■ The problem: The full listing, written out exactly and without images, is the expected result.

Start of Collected material

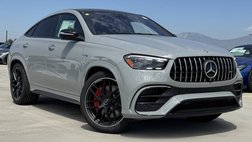 2026 Mercedes-Benz GLE-Class AMG GLE 63 S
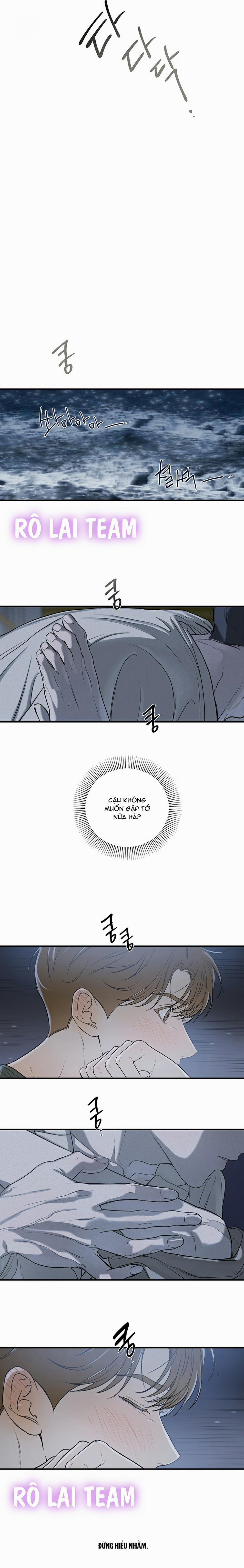 Lời Thầm Kín 3 trang 9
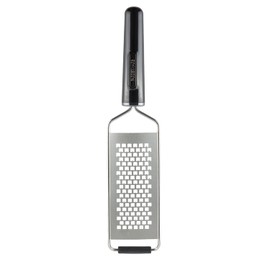 Farberware 79215 Rallador de Queso con Mango Ergonómico Professional, Negro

End of Collected material

■ Solution:
 2026 Mercedes-Benz GLE-Class AMG GLE 63 S
 Lời Thầm Kín 3 trang 9
 Farberware 79215 Rallador de Queso con Mango Ergonómico Professional, Negro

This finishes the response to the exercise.